Review: Arundel Festival Shakespeare
A Midsummer Night's Dream, Arundel Castle
William Shakespeare might almost be considered a literary environmentalist - given the extent to which he recycled plots.
His comedies revolve almost exclusively around mistaken identity, lovers forced by stern fathers to marry against their wishes, a dollop of magic for good measure, and the inclusion of a foolish character who is more laughed at than with.
A Midsummer Night's Dream does not disappoint on any of these fronts.
It is a curious mixture of young Athenian lovers battling against unrequited affections and marriage plans over which they have little control; it is of local tradesmen rehearsing a dramatic play to delight or otherwise the duke and his new wife; and finally but most notably it is set in an enchanted wood where fairies weave their own magic to ultimately bring about a happy ending.
So much for plot. It's almost inconsequential. Shakespeare stands or falls by the quality of the acting and direction.
The GB Theatre Company once more made a welcome return to the Collector Earl's Garden at Arundel Castle to prove their mastery of both.
They squeeze every last drop of visual humour from the classic and they extract every last laugh from Bottom's attempt to play every role in the labourers' drama.
True to the Bard in every detail, the small cast each play a multitude of characters - changing at speed from one Elizabethan costume to the next and then back again.
Greg Shrewing gives a magnificent portrayal of Bottom.

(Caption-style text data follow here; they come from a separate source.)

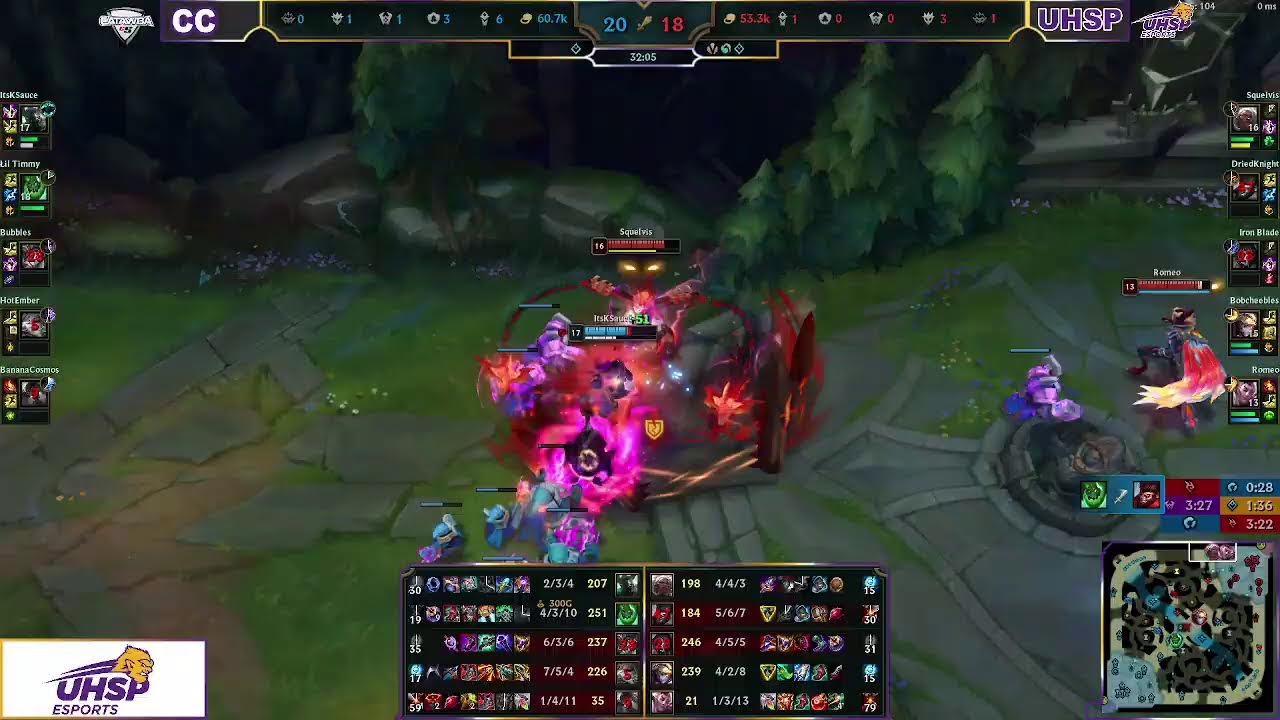 LEAGUE OF LEGENDS | 7:30pm CST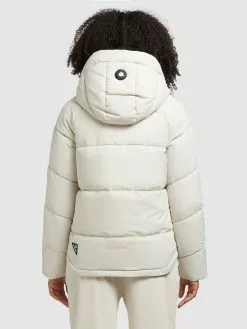 Khujo Winterjacken Jacke Monty 2 Frauen Offwhite -Khujo Verkaufsshop a8f0672d4c418b17cfa1d3cfddedd887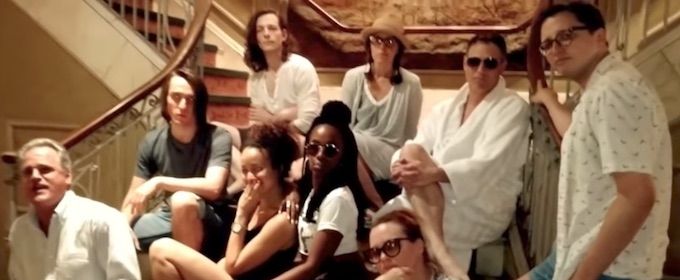 VIDEO: DEAR EVAN HANSEN Cast Perform 'Guns & Ships' for #Ham4All Challenge Video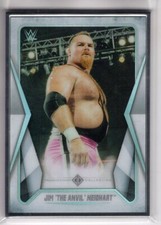 2020 Topps WWE Transcendent Collection JIM The Anvil NEIDHART Silver Frame 49/50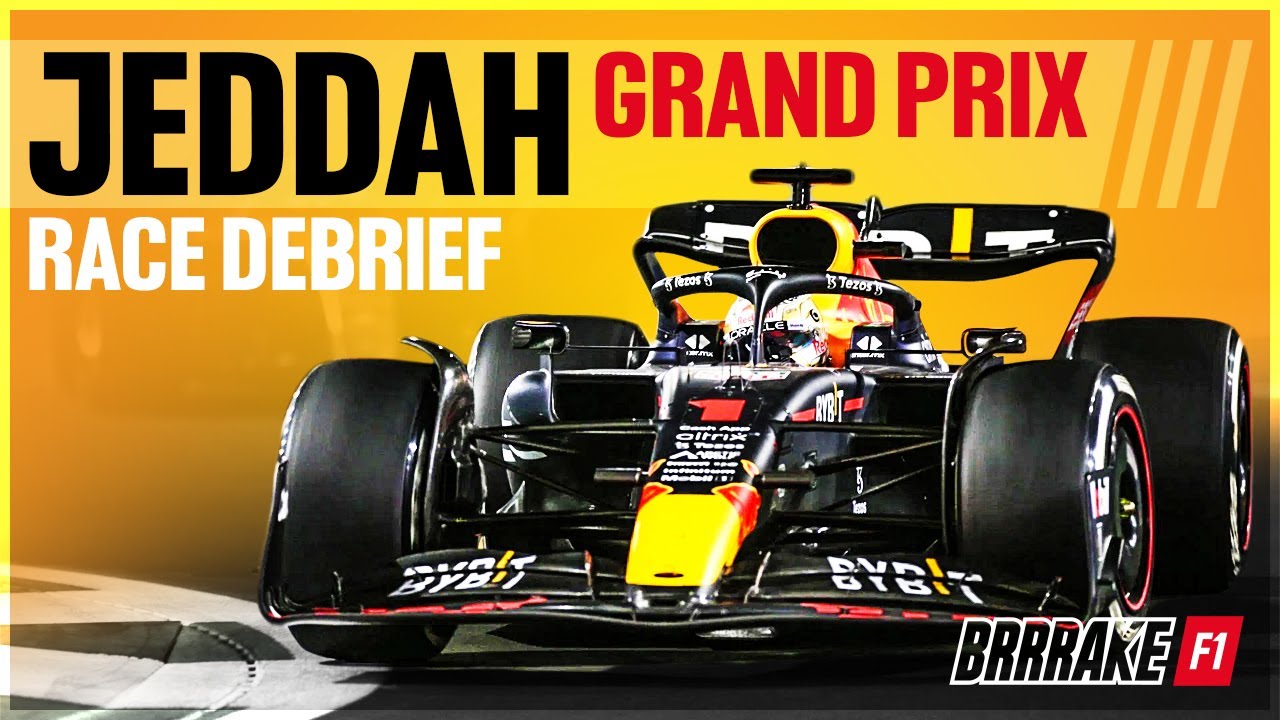 2022 Jeddah Grand Prix Debrief and Ex F1 Engineer Q/A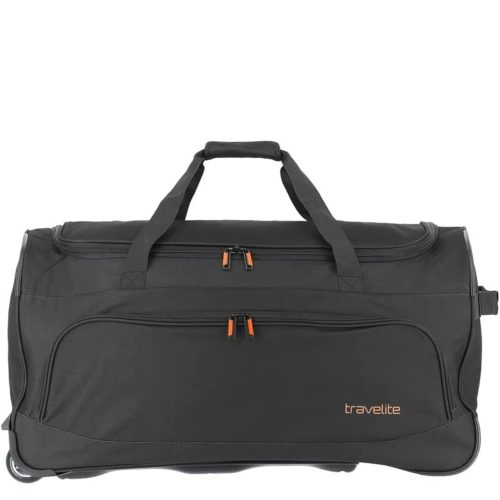 Gurulós utazótáska TRAVELITE Basics Fresch 96277 black 71cm nagy 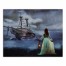 Ghostly Waiting Woman 16x20 Canvas Wall Art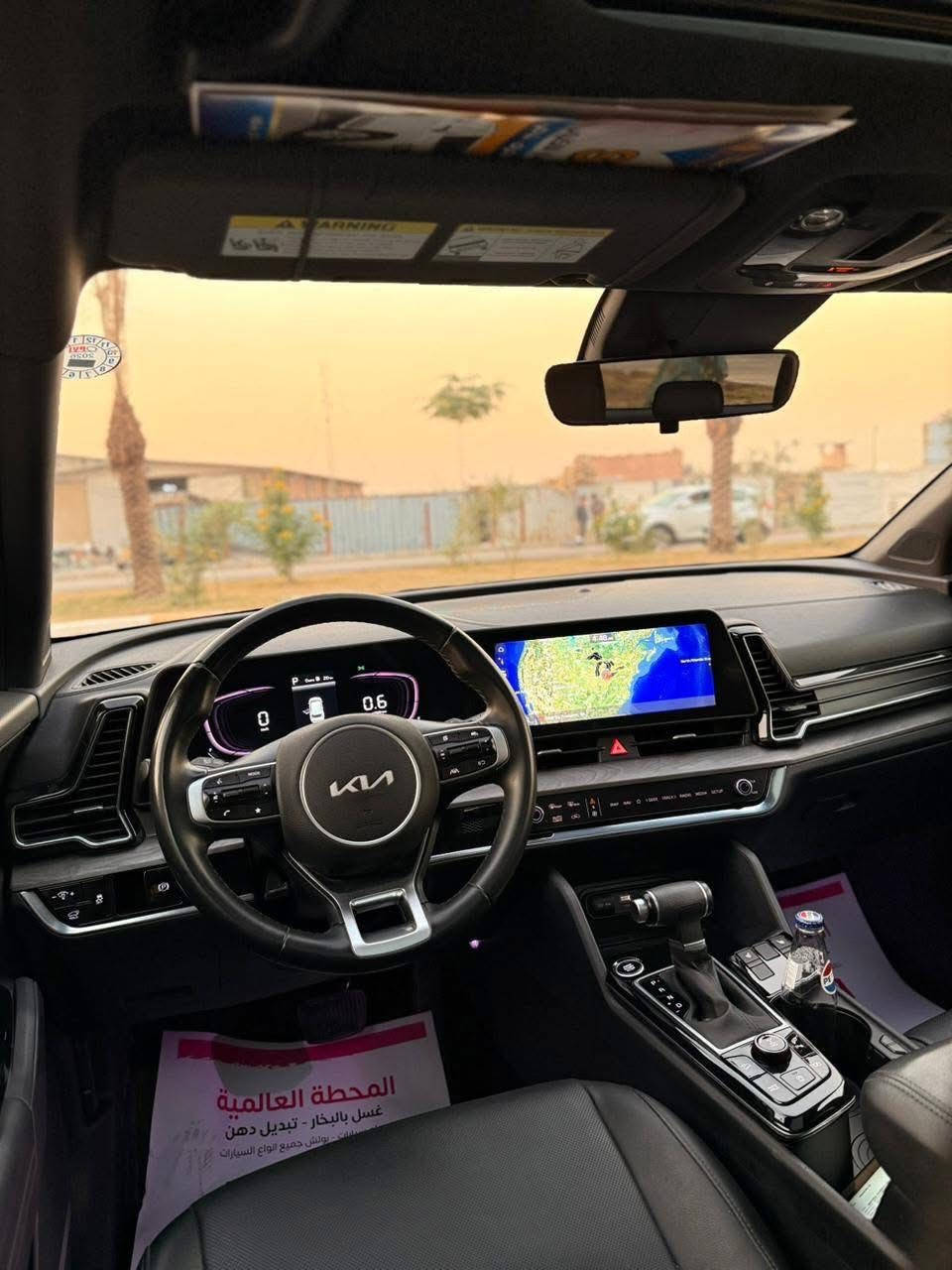 2023 Kia Sportage X Line
‎ماشية ٢٢ الف   
‎بدي لارج
‎فول للاخير
‎ بانوراما
‎فورل ويل  

فول موصفات 
‎بصمه  تشغيل عن بعد 
‎صندوق كهرباء
‎  شاشة كبيره لمس متصلة 
‎كاميرا دوارة 
‎رادارات ٣٦٠/ رادار امامي وجانبي وخلفي
                                      مقاعد جلد كهرباء ، تدفئة 
                                    إنارة داخلية متغيرة ٧ ألوان 
                                                  اربع وضعيات قيادة 
                                             اوتو ستوب ، اوتو هولد 
‎نزول منحدرات                                                
‎.تبريد قطعتين  
‎.نقطه عمياء
‎قيادة ذاتية وتحديد مسار
 
السعر ١٩٥ 
***********
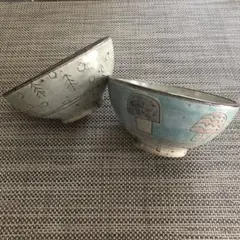 横山知加子さん　阿部誠さん　4点セット　ハンドメイド陶器　別売不可　茨城県笠間市 横山知加子さん 阿部誠さん 4点セット ハンドメイド陶器 別売
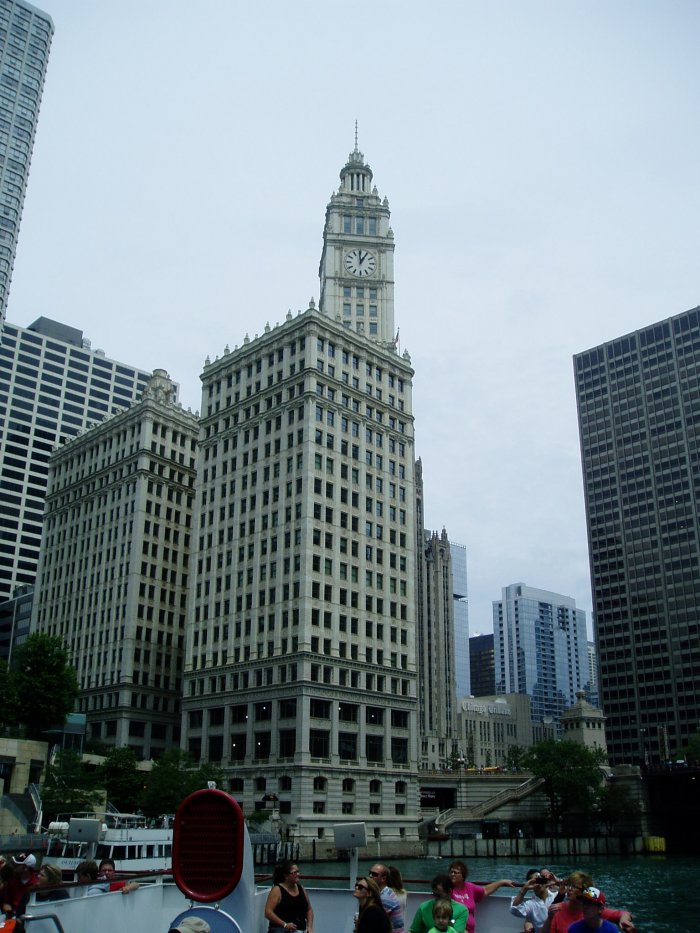 Along the Chicago River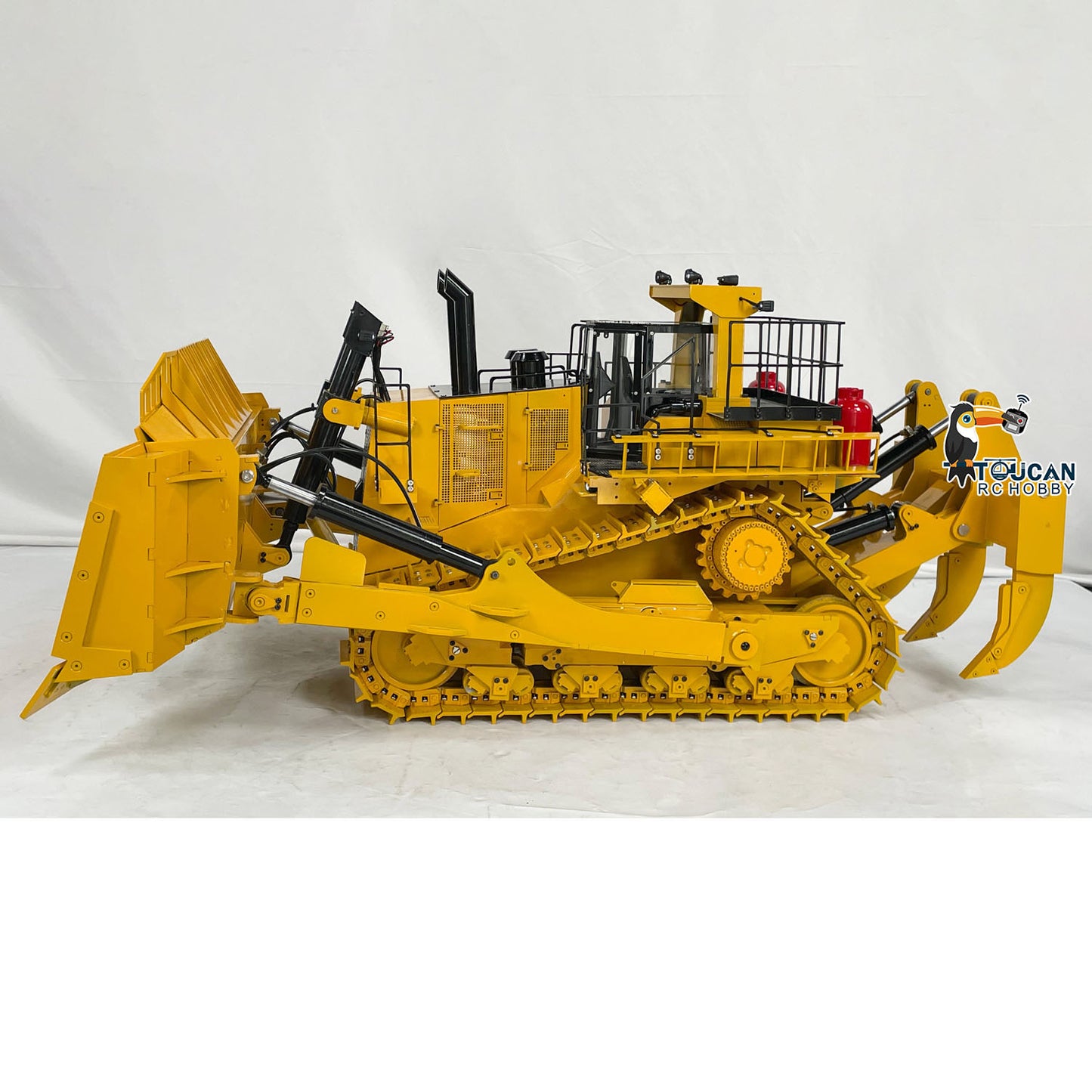 D11T 1/10 Giant Hydraulic RC Bulldozer Heavy Duty Radio Control Dozer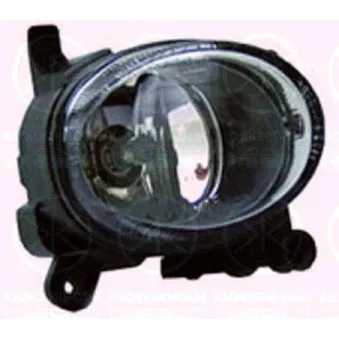 KLOKKERHOLM 00380281 - Projecteur antibrouillard avant gauche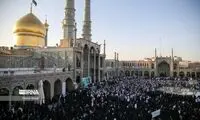روحانیون با لباس جنگی در تجمع روز گذشته قم 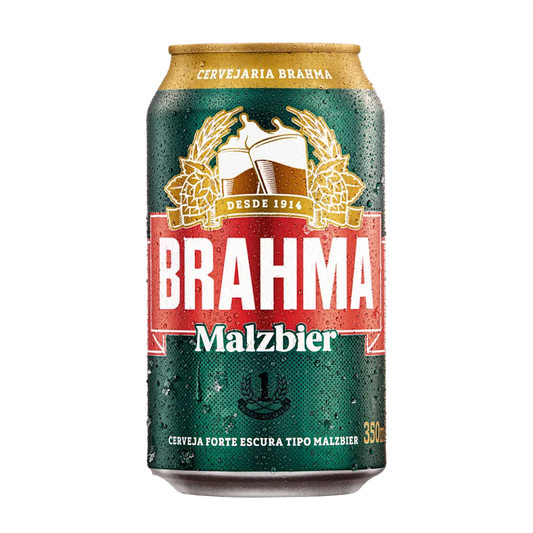 Cerveja Malzbier - BRAHMA - 350ml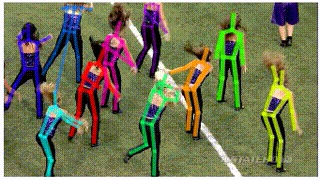 六种人体姿态估计的深度学习模型和代码总结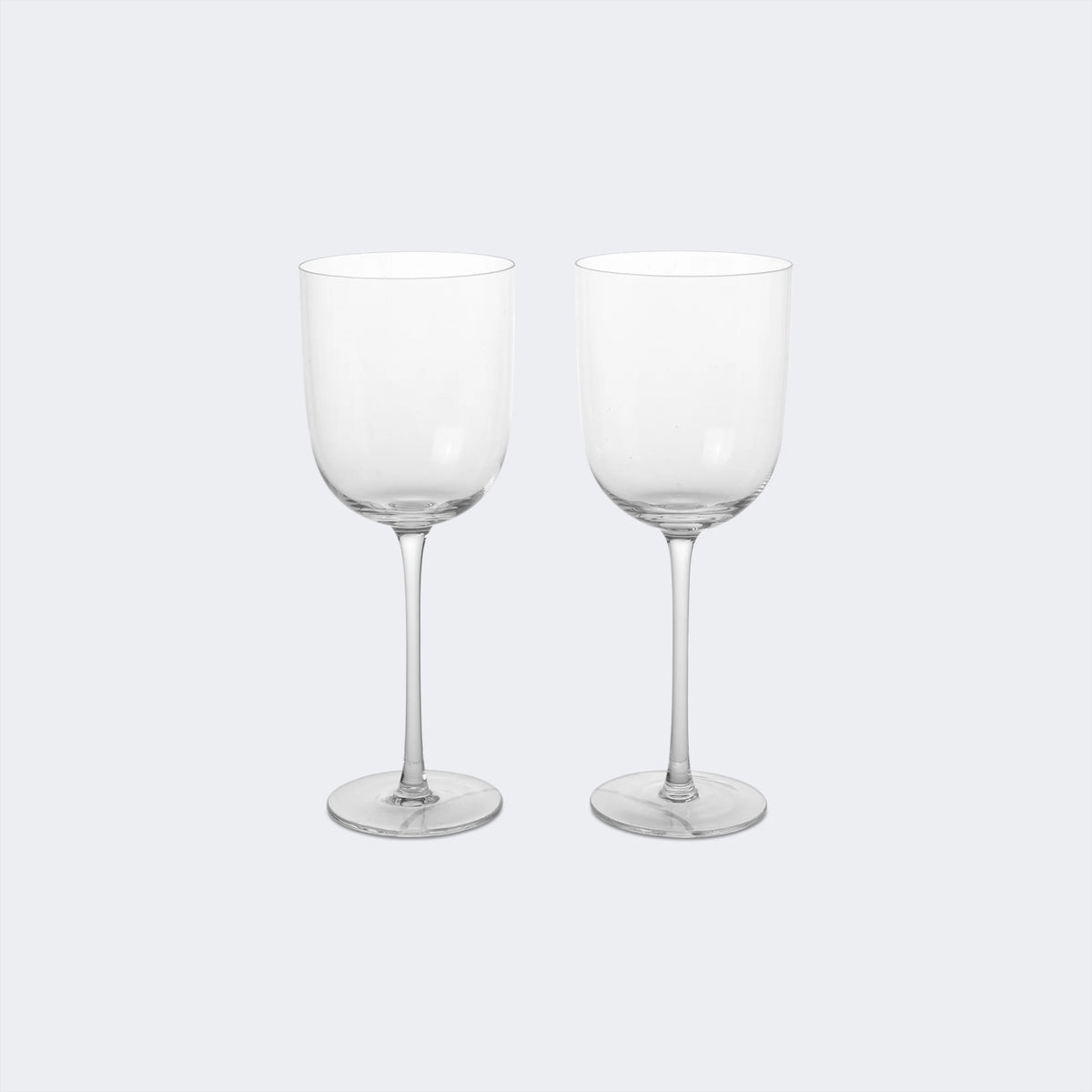 Ferm Living Host Red Wine Glasses - Set of 2 Clear#Color_Clear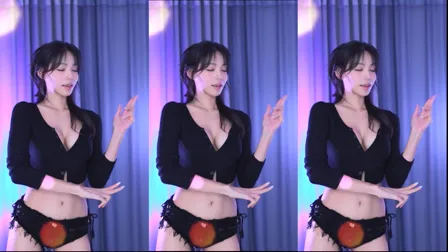 AfreecaTV杰尼(BJ젼2)2024年11月06日舞蹈剪辑125729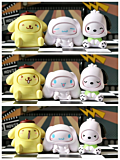 Hello Kitty Face Off Figures (Blind Box)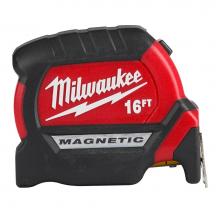 Milwaukee Tool 48-22-0116 - 16Ft Magnetic Tape Measure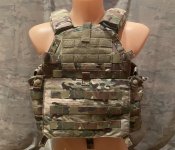 Плитоноска LBT-6094B-RS Modular sentinel releasable plate carrier (М) Multicam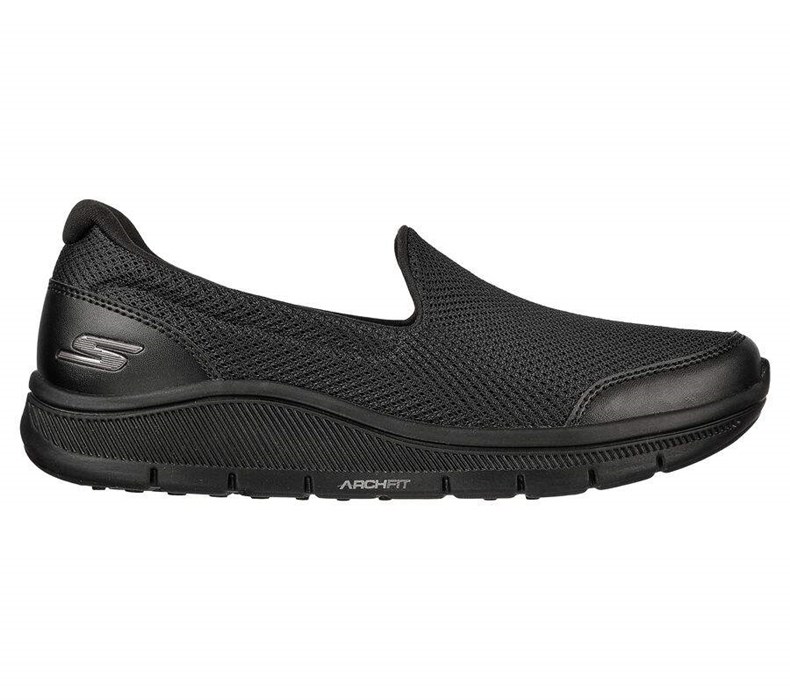 Dámské Golfové Boty Skechers Relaxed Fit: GO GOLF Arch Fit Walk Černé | UCSPOZX-75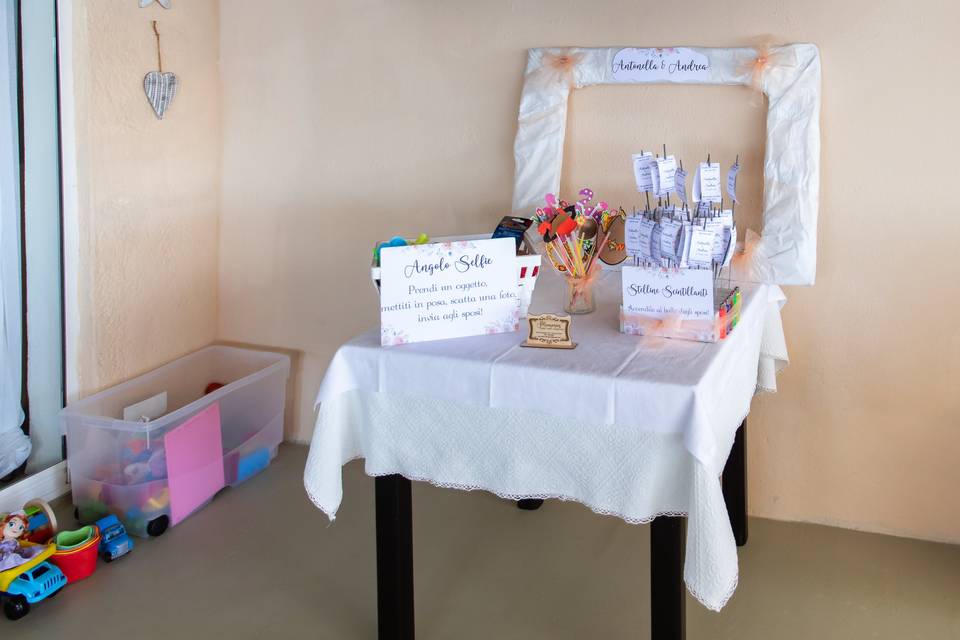 Kids Corner e PhotoB Table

He gets the tempo absolutely right. He almost casually parades an immense talent.
But the scene stealers in the second half are two of leading ladies Charlotte James and Mollie Fyfe Taylor who transform a fight scene between them into something far more earthy and contemporary. They noticeably shift the whole production up a gear in that one moment.
Alec White is nimble, mischievous puck. But all the cast deserve applause - Jackson Pentland, Tina Harris, Matthew Gordon, director Jonathan Collings and of course Barrie Palmer the artistic director of the company.
This is the perfect setting for Shakespeare and none deliver it better at Arundel than GB.